Data:
┄┄┄┄┄┄┄┄┄┄
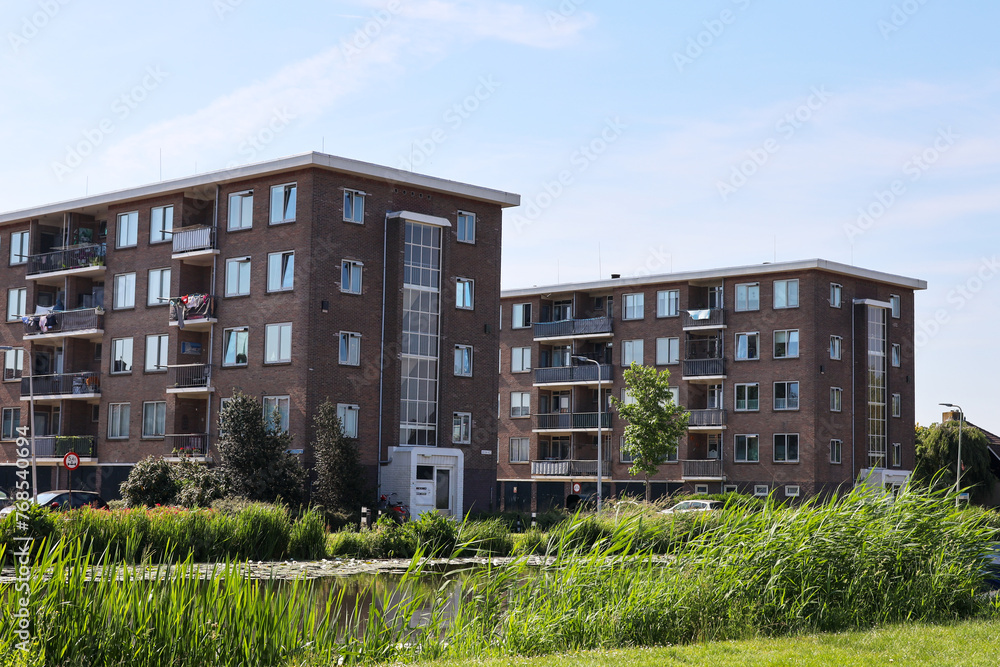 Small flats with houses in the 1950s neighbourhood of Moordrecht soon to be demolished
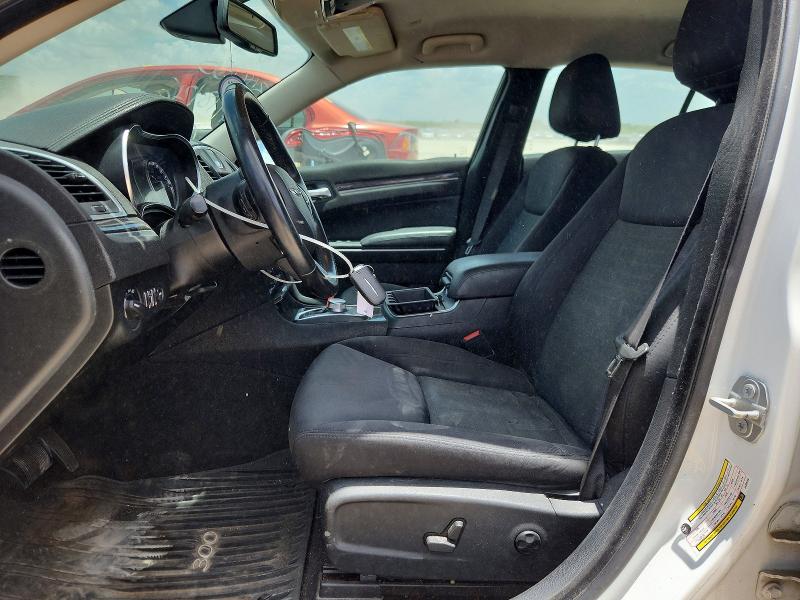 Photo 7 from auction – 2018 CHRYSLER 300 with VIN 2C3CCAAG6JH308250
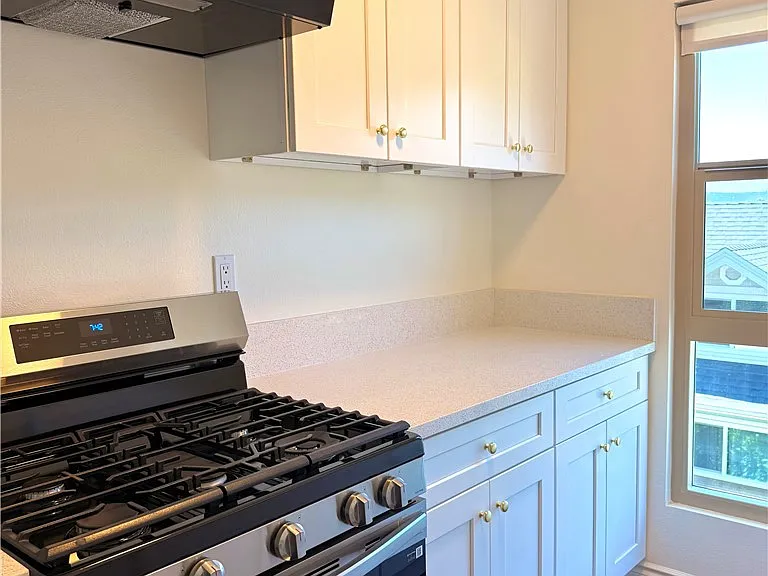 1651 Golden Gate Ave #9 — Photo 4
┄┄┄┄┄┄┄┄┄┄
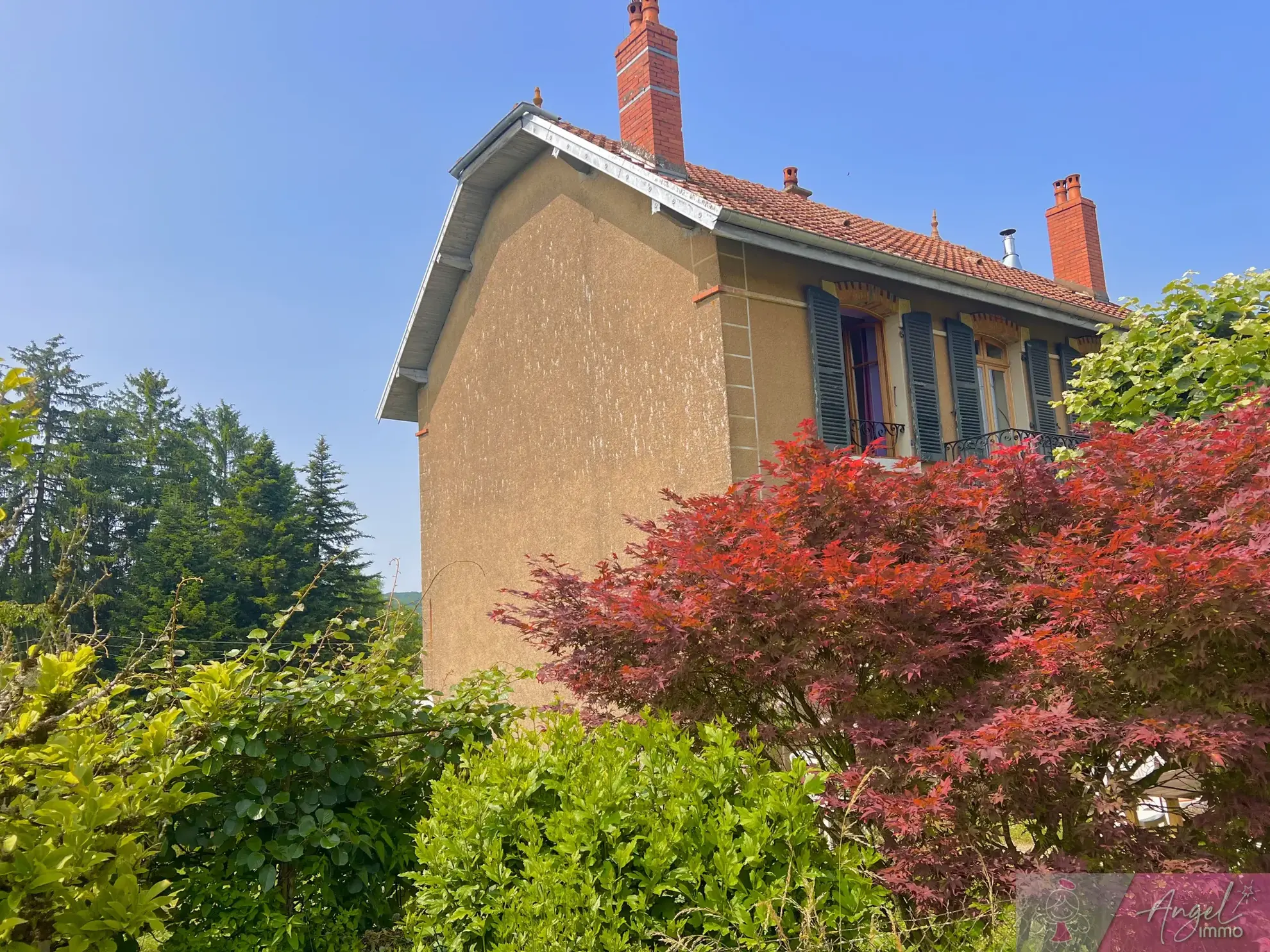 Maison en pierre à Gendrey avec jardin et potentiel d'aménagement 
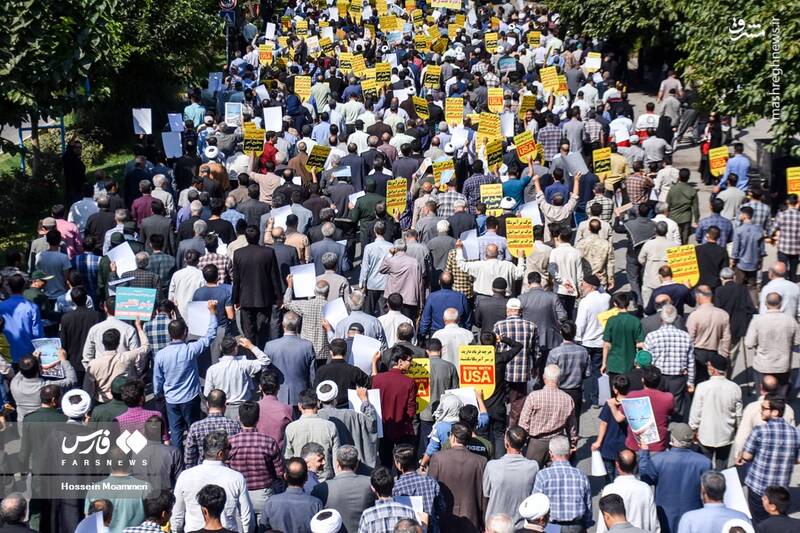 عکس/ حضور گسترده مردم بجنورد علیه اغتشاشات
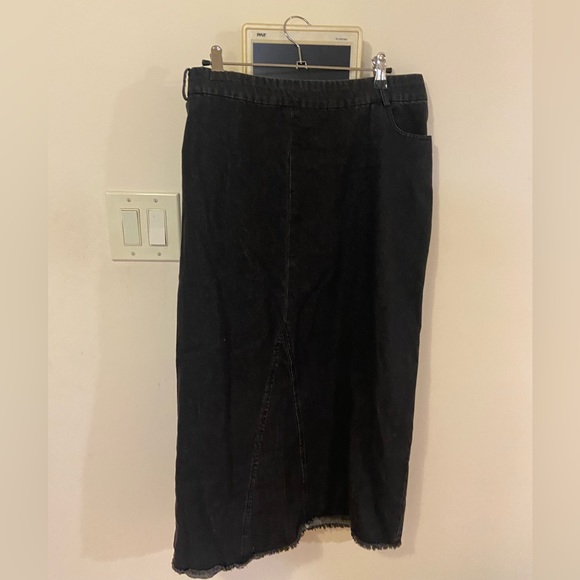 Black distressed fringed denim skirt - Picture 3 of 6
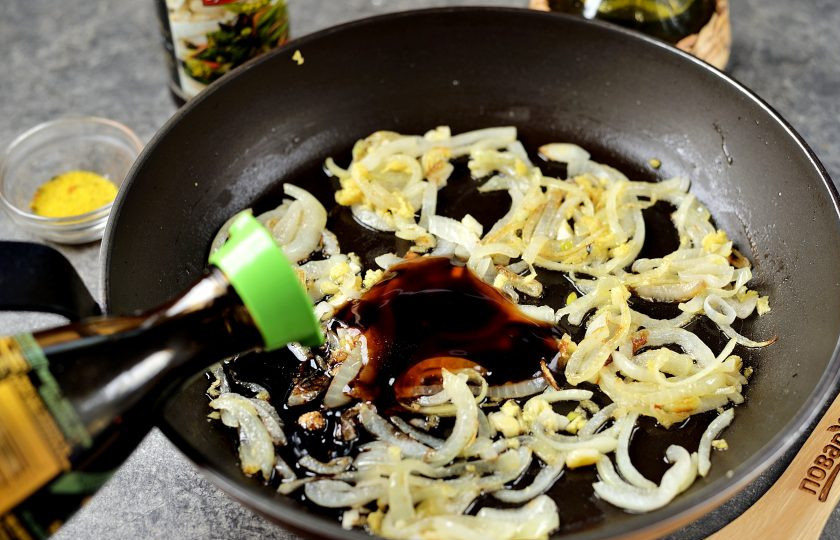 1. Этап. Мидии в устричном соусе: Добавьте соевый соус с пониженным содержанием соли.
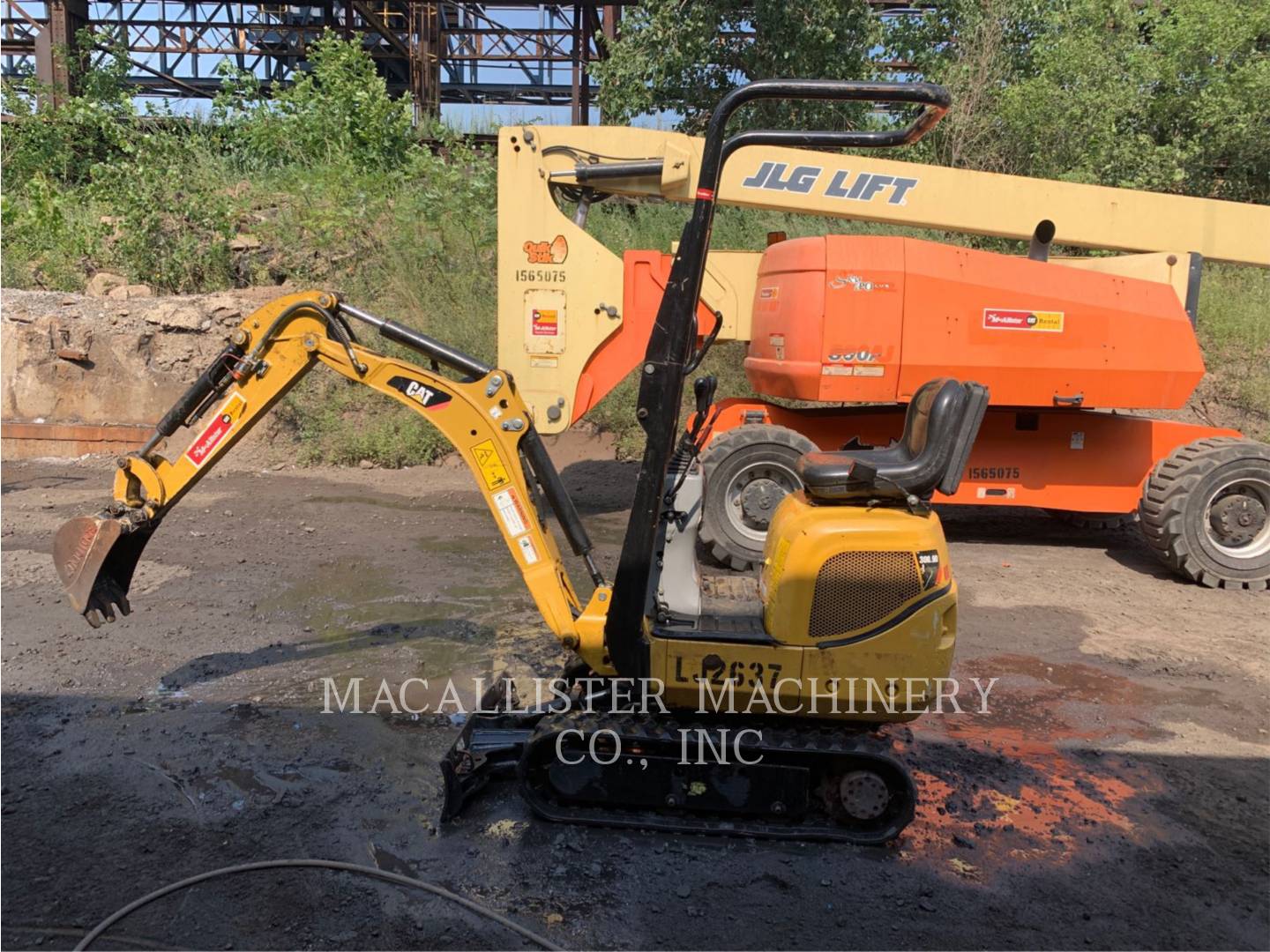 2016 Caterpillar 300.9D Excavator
┄┄┄┄┄┄┄┄┄┄
Task description:
Range to copy from the listing above: the line with "Small flats with" through the line with "1651 Golden Gate Ave #9 — Photo 4". Transcribe it exactly and skip the pictures.

Task solution:
 Small flats with houses in the 1950s neighbourhood of Moordrecht soon to be demolished
 Photo 7 from auction – 2018 CHRYSLER 300 with VIN 2C3CCAAG6JH308250
 1651 Golden Gate Ave #9 — Photo 4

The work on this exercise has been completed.